I’m glad it’s working for you! I definitely know the feeling of reading at night and it does make a big difference.
Reply to Zakarius part 2
Thanks for the details! I had heard that it was a different game from Dark Souls but nothing else. You’ve piqued my interest though, I’ll definitely play it at some point . Also the monk RP sounds awesome! I don’t tend to RP much but I’ve always thought it was a fun aspect I’d like to explore, and it adds another layer of fun to games. There’s a fairly big community of RP going on in FFXIV but I’ve never joined yet; it sure looks fun though.
Yeah I feel you so much on this. I’ve always been very perfectionist, I think I actually talked about it in the other challenge threads, about how much pressure I put on myself when missing days and all that. I don’t expect you to remember at all though! But anyway, I’m always looking for the perfect method, the perfect app, the perfect anything that lets me achieve something the most optimal way. And it’s been so, so hard integrating the reality that the perfect tool just doesn’t exist, nor the perfect anything. And it’s awful because for what I’ve seen, as you describe it quite accurately IMO, the Japanese learning community is obsessed with doing things in one way or else you’re wasting your time. These challenges for me have been a blessing and a great chance to work on not doing things perfectly, and I’m learning for real to work on doing things not in the perfect way. I don’t even know if what I’m doing is working most of the time, I just keep doing it and at some point I’ll notice that yeah, I’m improving. But it’s a leap of faith for the most part, I don’t have these realisations often. Some random day, I’ll be reading something and poof, a thought pops into my head and I’ll notice that I no longer have trouble understanding some passage with vocabulary and grammar I didn’t know before.

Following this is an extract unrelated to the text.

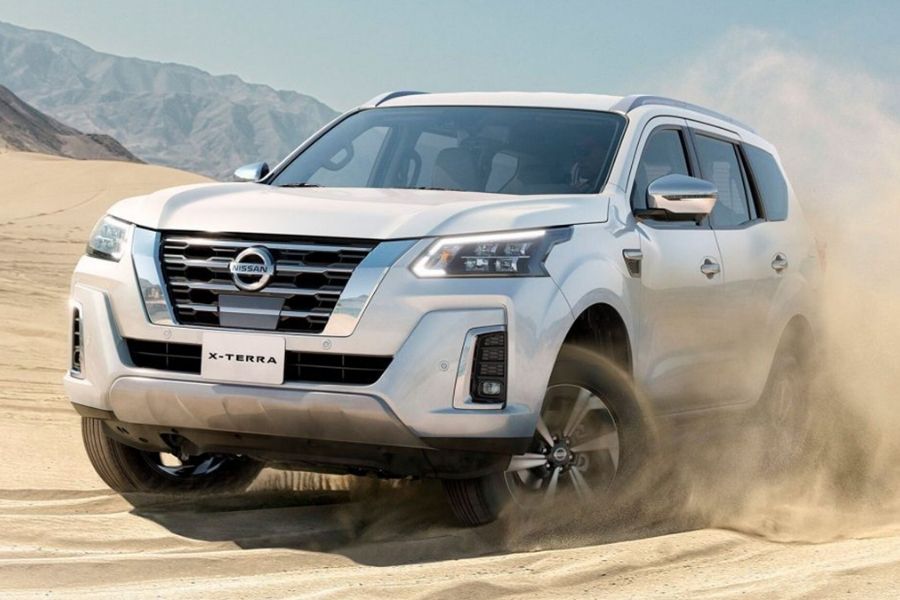 Facelifted Nissan Terra coming to Southeast Asia in August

Heck, I don’t even remember how I learnt English after basic English in school, I just kept doing whatever I was interested in and one day I noticed that I could understand the majority of it.

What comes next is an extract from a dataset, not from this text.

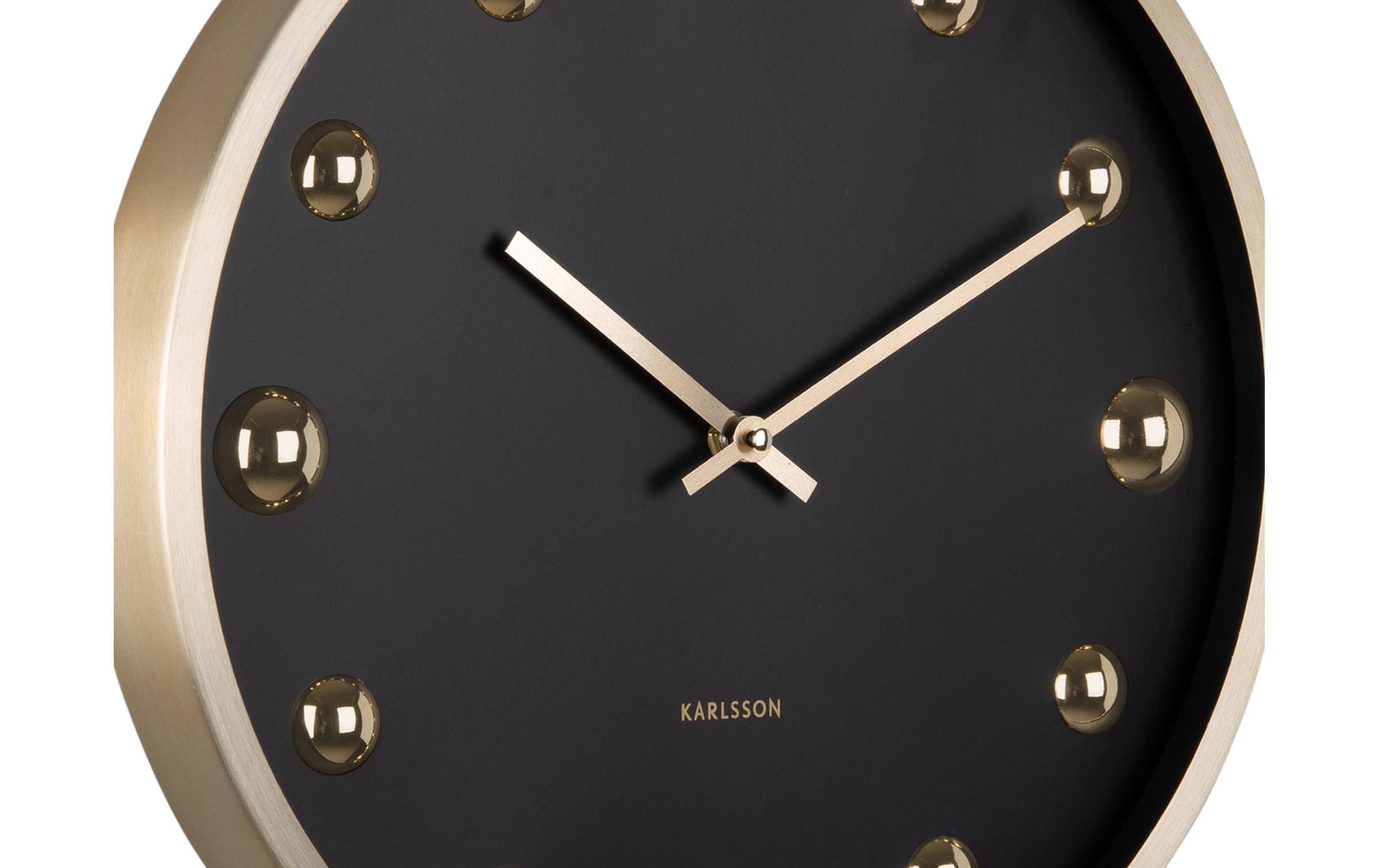 Karlsson Wanduhr »Shiny Dots«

I would say that even the worst methods still make you improve over time regardless, even if not in the most efficient way. There is absolutely no way that every human in the history of humans has learnt languages to a high level with the most optimal method, all of them, all the time. There must be at least one that learnt with a shit method and still made it up there, for sure . I mean, there literally are people that sit with a book in a language they have no idea about and translate it word for word, and still learn. Consistency is key IMO, you’ve mentioned yourself as well and I agree. Be the tanuki
I wasn’t worried personally, I just thought it would be your average Japanese learning community. I think I was already spoiled by /r/learnjapanese and didn’t expect much . But yes I agree, there’s a lot of very nice interactions in these forums. There’s still some one-upping here and there occasionally but it’s not the norm. Very few bad apples, but also not the norm at all. But again, the perfect community doesn’t exist. WK forums is the only JP community I’m a part of and have been for a year, and I like it a lot. It’s not so terribly active that you miss a lot of threads and nice stuff, but is also active enough to always have new threads and on-going ones to check everyday. It’s a pace I’m very comfortable with. Plus the majority of the community is very wholesome and that’s very positive.